Monty: Currently I'm between jobs, so my only real responsibility just now is to work on the Maria storage engine. That is... trying to design a transactional storage engine that can function as the default non-transactional and the default transactional storage engine for MySQL. So that when you download something, normal MySQL version, by default, it will work for 80 percent of the people. That's quite an important project, it has got some of the best MySQL developers, and we have been doing that for some time.
I'm also trying to help Sun understand the problem with the MySQL development model, because they thought that when they bought us, everything would be perfect. We had some things that were really, really good, but there were also some things, especially the development model, that is pretty horrible. It has taken Sun a long time to realise that. But we have clear indications that they are going to fix it. I would like to see a model more like PostgreSQL, where the external community is much bigger, and contributing more code than we do ourselves. And that's what I would like to see happen.
iTWire: Despite all the problems that you've told me about, MySQL is still the most popular open source database, isn't it?
Monty: Because we had good foundations, and what we have done is that instead of using a big community to help us, instead we have to hire hundreds of engineers that would do the work, when we could do it much smarter and better. Basically we have just wasted money, for something that you could do in a more efficient manner.
iTWire: Why do you feel that came about?
Monty: That came about because of the rush of the MySQL managers to go public. They wanted to ensure that when we went public, during the first half year, you need to generate a lot of profit. Because by showing things when you go public, and generating profit, you can get good valuation for your stock. What I was afraid of in going public was that we would then have to have commercial modules and basically go back to a closed environment, even more than before.
That was why I was so happy with Sun buying us - because that basically would ensure a change from the wrong path which we have been going on, just making profit and not thinking about long-term solutions.
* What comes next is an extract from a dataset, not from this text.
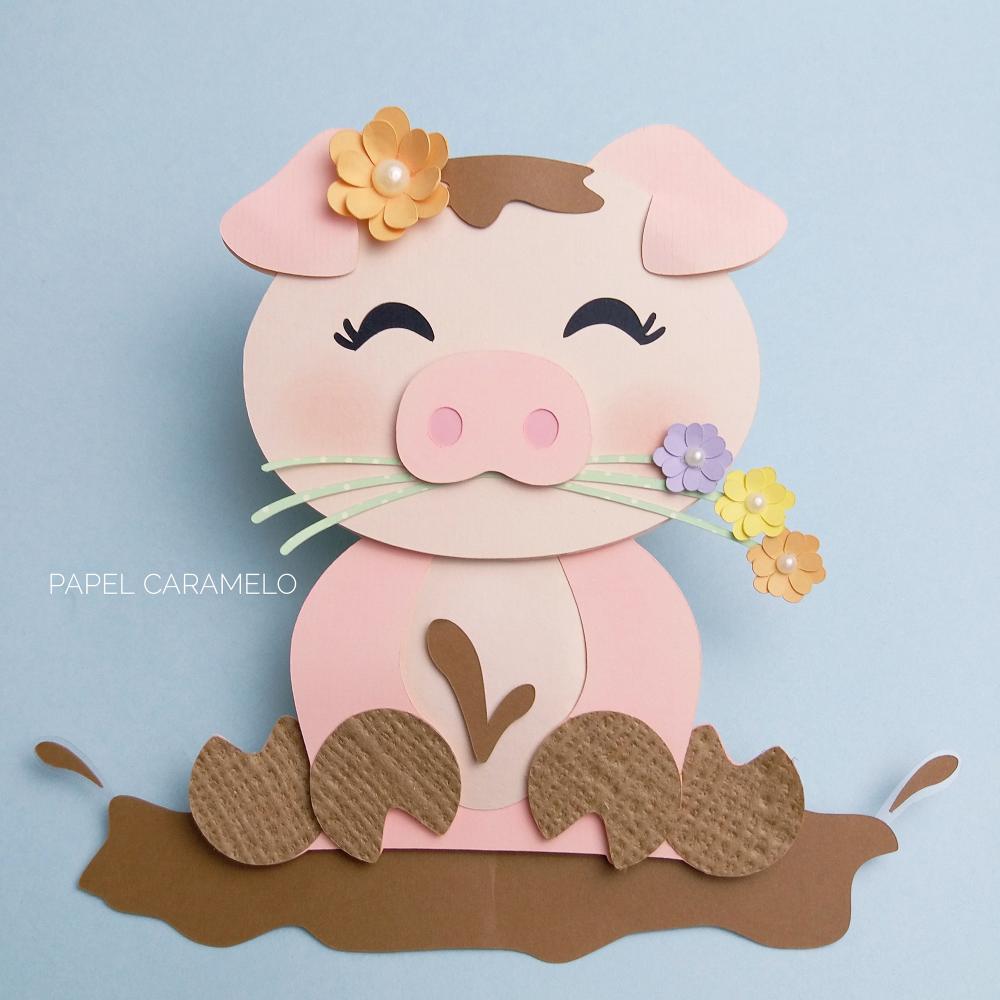 Arquivo de Corte Topo de Bolo - Fazendinha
Sun is thinking long-term.
iTWire: Do you have an objection to somebody selling MySQL as an open source package and adding proprietary modules?
Monty: I don't mind if a partner does that. But I believe that what we produce should be something that will fulfill all the requirements of normal people. Because we live by spreading MySQL. If we have a commercial model for something critical like back-up - that was tried, everybody needs back-up - that means that to be able to use the product, you need to have a commercial licence.
That means that all the benefits of open source disappear. You have a lock-in to one proprietary organisation. You can't make changes yourself because you don't have this one package. If something happens to the distributor, you can't use the product anymore. For me, if you have one critical closed source module, the code is not open source and cannot be used by anyone as open source. You need to treat it as a commercial program, a commercial closed source program.